In connection with your acceptance of the Award under the Plan, and in exchange for the consideration provided thereunder, you agree that you will not, during your employment with, or service to Exterran, and for one year thereafter, directly or indirectly, for any reason, for your own account or on behalf of or together with any other person, entity or organization (a) call on or otherwise solicit any natural person who is employed by Exterran in any capacity with the purpose or intent of attracting that person from the employ of Exterran, or (b) divert or attempt to divert from Exterran any business relating to the provision of natural gas compression equipment and service or oil and natural gas production and processing equipment and related services without, in either case, the prior written consent of Exterran. As further consideration for the grant of the Award, you agree that you will not at any time, either while employed by, or in service to Exterran, or at any time thereafter, make any independent use of, or disclose to any other person (except as authorized by Exterran) any confidential, nonpublic and/or proprietary information of Exterran, including, without limitation, information derived from reports, work in progress, codes, marketing and sales programs, customer lists, records of customer service requirements, cost summaries, pricing formulae, methods of doing business, ideas, materials or information prepared or performed for, by or on behalf of Exterran.

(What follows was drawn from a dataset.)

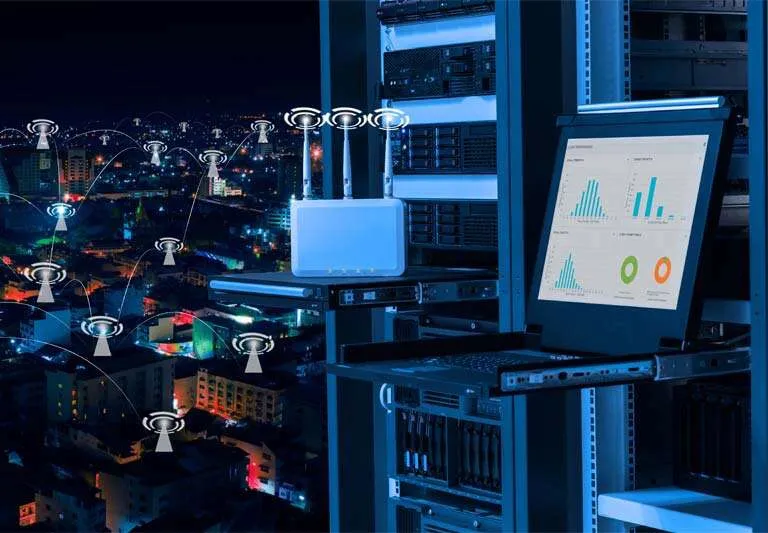 telecommunications parts and components manufacturing services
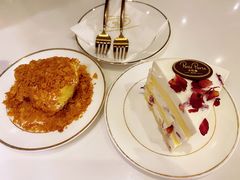 招牌巴黎酥-PETIT PARIS 小巴黎(花园道店)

If any court determines that any provision of this agreement, or any part thereof, is invalid or unenforceable, the remainder of this agreement shall not be affected and shall be given full effect, without regard to the invalid portions and the court shall have the power to reduce the duration or scope of such provision, as the case may be, and, in its reduced form, such provision shall then be enforceable.
You hereby acknowledge that the Award being granted to you under the Plan is an extraordinary item of compensation and is not part of, nor in lieu of, your ordinary wages for services you may render to Exterran.
You understand that this agreement is independent of and does not affect the enforceability of any other restrictive covenants by which you have agreed to be bound in any other agreement with Exterran.